[Data provided — start]

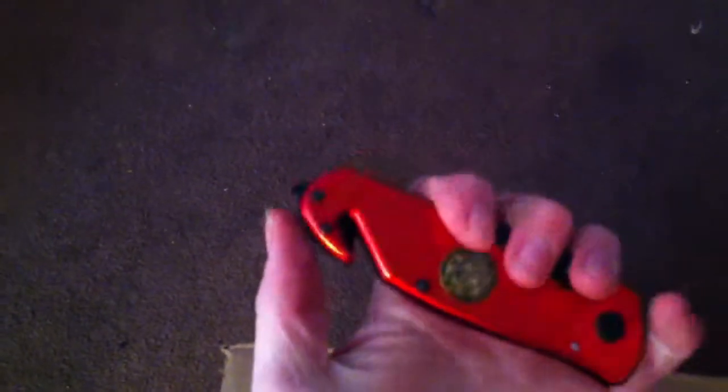So yeah, let's do this. Got my knife here for work, got a glass breaker, seatbelt cutter, so let's do this. Make sure I cut away from me. Really hard to do with one hand.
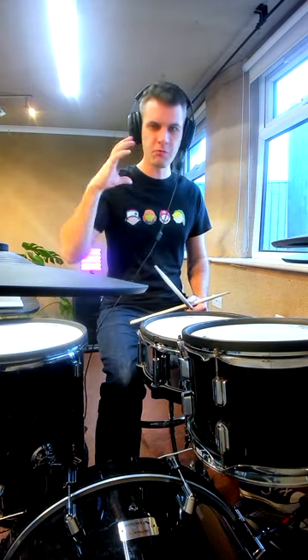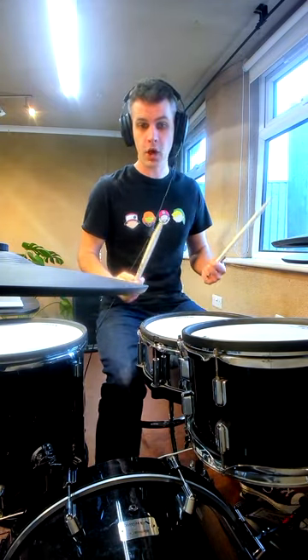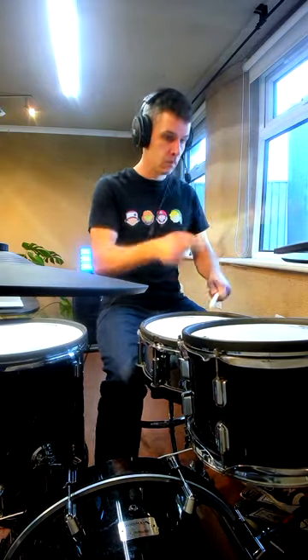Just by having that bass drum in there, it gives a really nice variation to the fill and makes it go from this to this. Just one bass drum — solid takes.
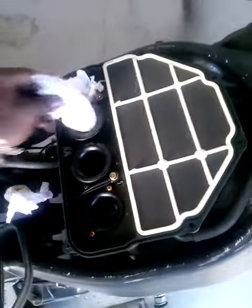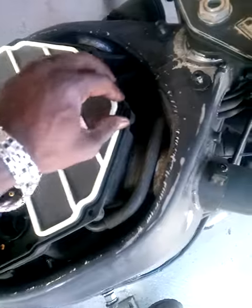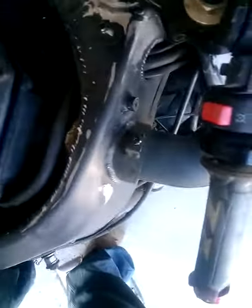Reverse the procedure — just put it all back together. Make sure this is secure in there. There we go. Get in there. She didn't want to get in there; it's a tight fit.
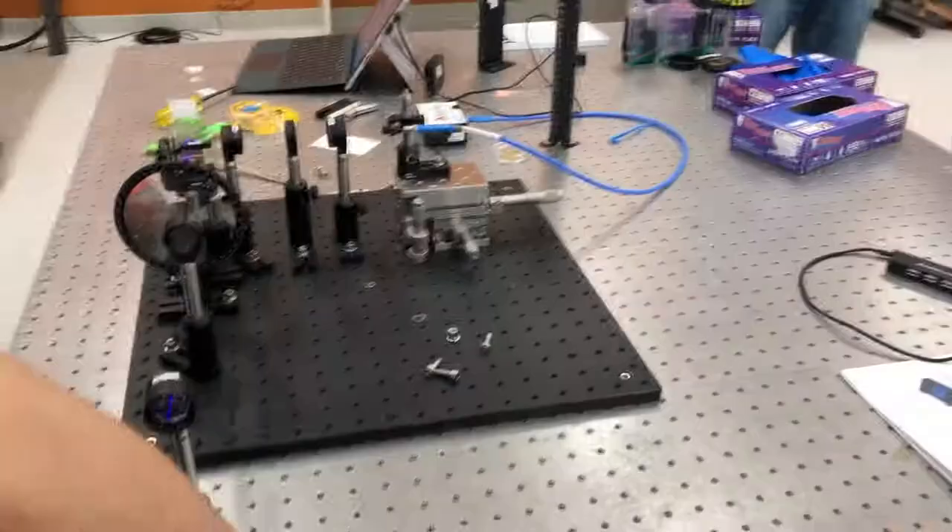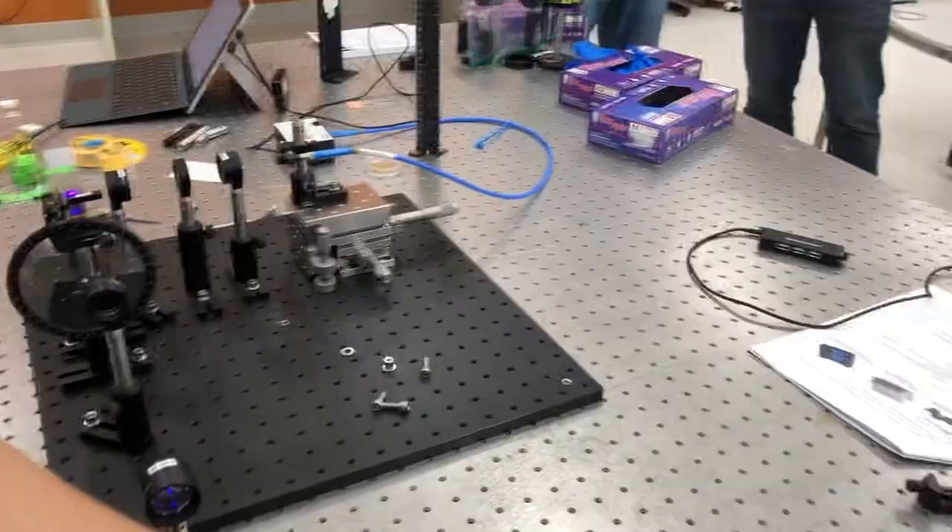Once the optical setup was ready and all safety equipment was put on, we would turn on the laser, allowing the light to shine onto our samples.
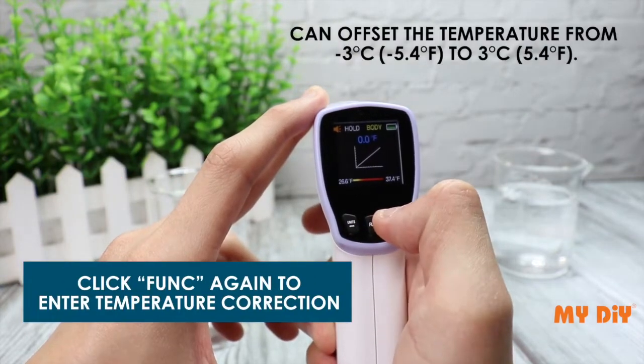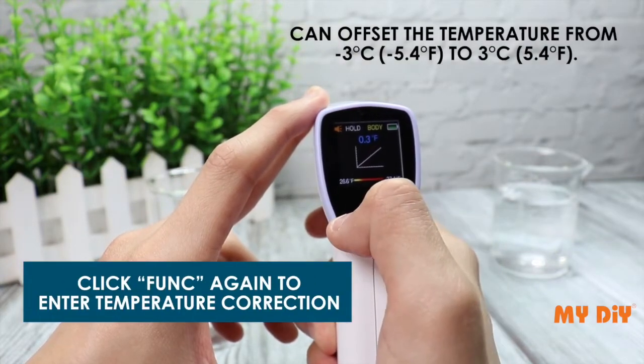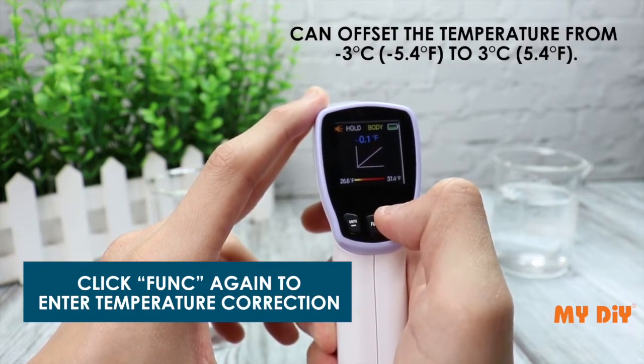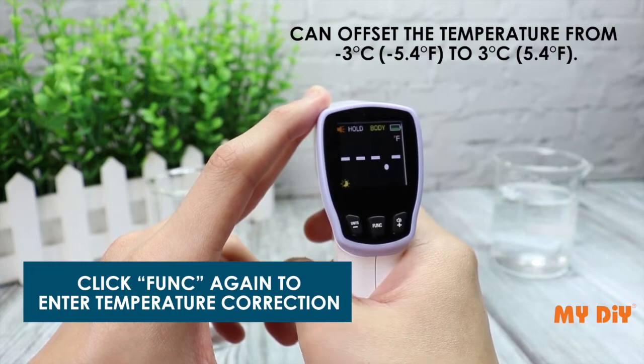Click funk again to enter temperature correction. You can offset the temperature from negative 3 to 3 degrees Celsius, or negative 5.4 to 5.4 degrees Fahrenheit.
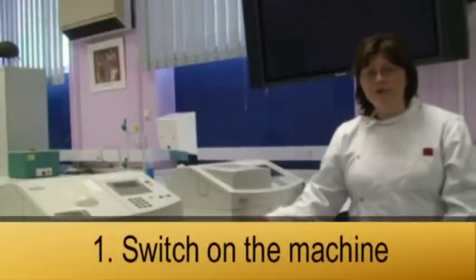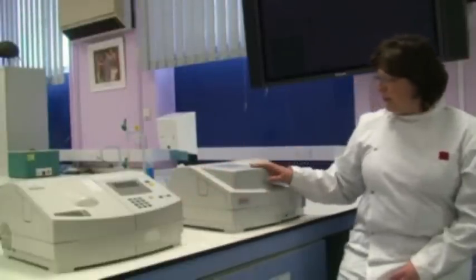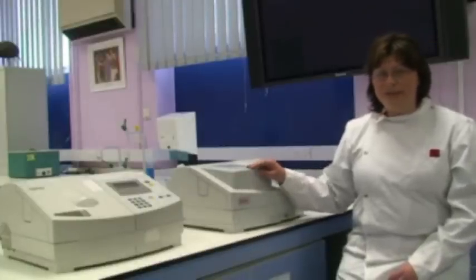Hello, I am going to show you how to use the spectrophotometer. There are two spectrophotometers from different manufacturers. You will find them in the labs, but they measure both the same thing.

[Data provided — finish]

**Your objective:**
Write out word for word the lines of the listing above from the line with "Just by having" to the line with "Reverse the procedure", taking in both of those lines but no pictures.

**Response to the task:**
Just by having that bass drum in there, it gives a really nice variation to the fill and makes it go from this to this. Just one bass drum — solid takes.
Reverse the procedure — just put it all back together. Make sure this is secure in there. There we go. Get in there. She didn't want to get in there; it's a tight fit.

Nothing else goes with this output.